I’m sure you’ll all be relieved to learn that all my books have passed muster on Kobo.com, including my unabashed erotic novel, One Shade ofRed.

One series of books is apparently not available on Kobo anymore: Christie Sims’ dinosaur erotica books, like Taken by the T-Rex and Mounted by the Gryphon. I have no way of telling whether those books ever were available on Kobo, but they are available on Amazon, Barnes+Noble.com and iBooks.
Image source: The Mary Sue 

Kobo still sells erotica, including “tentacle erotica” titles like Taken by Tentacles and Tentacle Alien’s Breeding Pet. Apparently, sex with dinosaurs is too disgusting for Kobo and WHSmith’s executives, but sex with aliens with tentacles is okay.


The power of the written word

This was a crisis manufactured by the Mail newspaper. Apparently, they have reporters with nothing better to do than to surf the Internet for sources of porn that can be embarrassed. Then, they can find people to make self-righteous condemnations of pornography.

John Whittingdale, chairman of the Commons Culture, Media and Sport Select Committee said: ‘It is disgusting that WHSmith, one of the country’s most respected retailers, is selling hardcore pornography alongside children’s books.
Why does the Mail toy with evoking the forces of censorship and repression of freedom of expression? Because it sells newspapers.

No matter how Kobo and WHSmith try to discriminate between “legitimate” literature and that which is offensive according to standards, however widely they may be accepted, removing books is censoring some content.

And the Mail depends on the premise of freedom of expression for its existence.

Thankfully, this crisis has sunk back into the swamp without causing much interest anywhere.


I’m just pleased to have found something as ludicrously funny as the idea of dinosaur erotica. I don’t intend to read any, but you have to admit, it has to be the most ridiculous idea in fiction.

Sunday, October 20, 2013

Sample Sunday: a chapter from the spooky work-in-progress

Hallowe'en is coming up fast, and in honour of that auspicious occasion, I'm posting some spooky stories on the next few Sundays. 
If you've been to this blog before, you'll recognize Dark Clouds. "The Mandrake Ruse" is the first chapter in what is slowly growing into a complete novel that I hope will cross the occult/paranormal-spy thriller genre boundary.
You can download Dark Clouds: The Mandrake Ruse as an e-book for free from the tab at the top of the page.

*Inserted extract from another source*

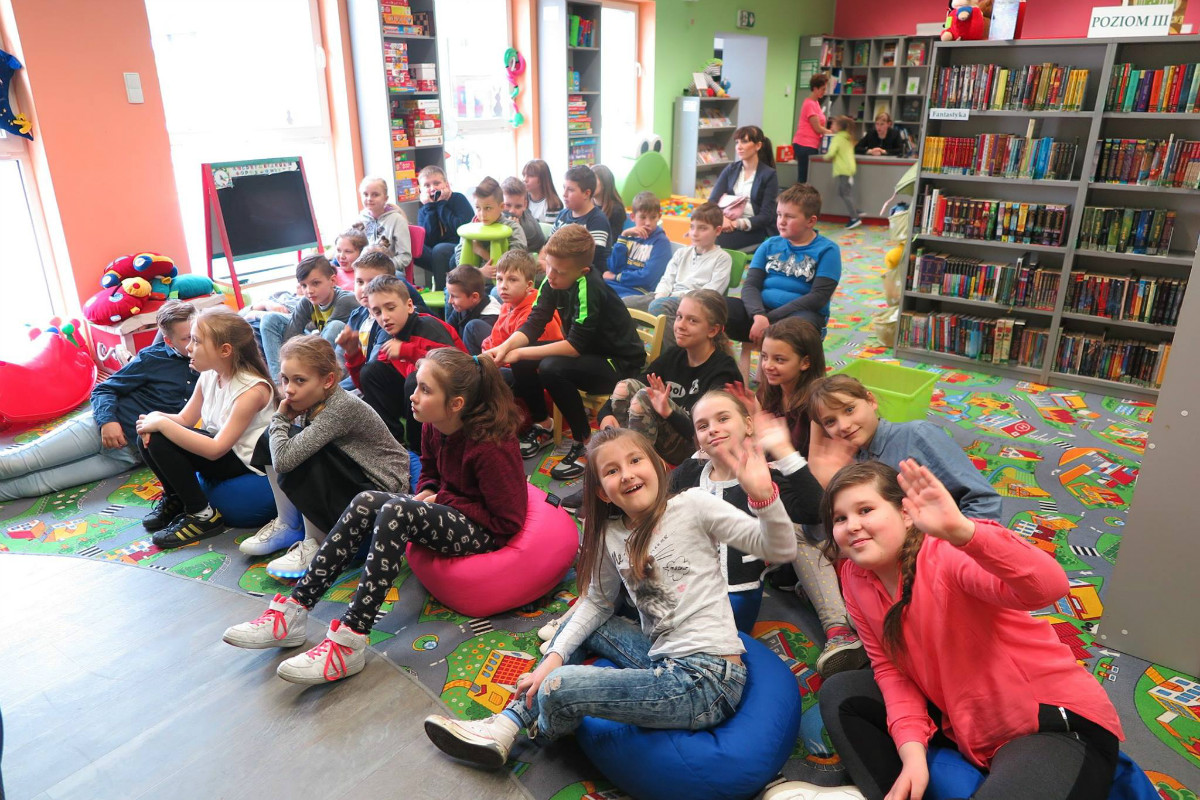 Wnętrze biblioteki. Na kolorowej wykładzinie siedzą dzieci z opiekunami, biorą udział w lekcji bibliotecznej. 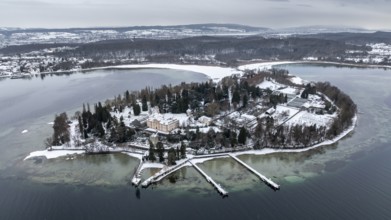 The wintry and snowy Mainau island in Lake Constance with the pier and the baroque Mainau Castle,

What follows is a short chapter, this one focusing on "pretty little Teri," the heroine of The Mandrake Ruse, What Made me Love You? and The Graveyard, and the wife of the Witch's son and hero of the tale, Matt.

Dark Clouds: Teri and the river 

Photo of Dumoine River copyright Scott Bury

The water was surprisingly warm, swirling and dancing in the setting sun, dark where it was deep, orange where it flowed over rocks, white were it leapt and spun and rolled in joy.
Teri let herself drift. She closed her eyes to let her spirit see freely. She felt the river’s joy, its happiness in its own strength, in its ability to feed the life in it and around it. Teri saw the fishes and the other creatures below its surface, hiding under soil and rocks and among the trees that pushed their roots into the river to draw their lives.
Teri’s skin tingled with the energy of life, but she ignored the sensation. She could not even be certain she was breathing, whether she was above or below the surface, but she pushed those thoughts, those fears out of her mind. She opened her spirit wider, searched for every sensation and tried to contact the river’s spirit.
A riot of sensation shocked her and her eyes flew open involuntarily. She found herself lying on her back on the water’s surface. She let the river take her. Trees drifted past on either side. The current pulled her until she drifted downstream, head-first. She felt a tug to one side and saw a boulder slide past her vision. The river had kept her from injury.
Teri took a deep breath and closed her eyes. She opened her mind again, willing herself not to think of language or any human constructs so that she could communicate with the essence of the river.
There it was: the joy, the power of the river, constant motion, different in every second, eternally the same. Dark, alive, irresistible. The river acknowledged Teri’s attempt at communication, and her mind filled with a cognizance of a powerful, dark, living and curious presence.
She wanted to ask “Where am I?” but knew that forming human words in her mind threatened to break the communion she had with the river. She explored the edges of her consciousness and found she could not exactly see, but gradually become aware of the world beyond the river’s banks, of the trees and hills and other rivers and lakes and animals, the forest stretching across the world’s curves. Life buzzed and oozed until it twisted or cramped in pain, and Teri understood that happened where humans built their cities.
But there, to her left, no, now her right as the river turned her playfully, there, far but not so far for the river, was her home. And beyond it, her parents’ home. And over there, yes, she could tell where Racine was. She could feel his rancour, feel the stink of his fear.
And in the other direction, a malevolence that could only be Helen. The Witch Queen was looking for her, but she did not have a connection with the joyous river and could not see Teri.
Teri felt the river probe her spirit. Later, her memory would translate the deep connection she had into words.
“Do not fear, little one,” the river said.
“I am not afraid. Thank you for saving me. How did I end up in you?”
“I do not know. One moment, you were there. Perhaps you fell in? The banks, though, do not remember you.”
“The last thing I remember is being in a dark room, chained to a bed,” Teri told the river, careful not to make her thoughts too concrete. “How long have I been in you?”
“A full day. Do not worry, my child. I will keep you warm until I deliver you into the waters of my brother/sister.”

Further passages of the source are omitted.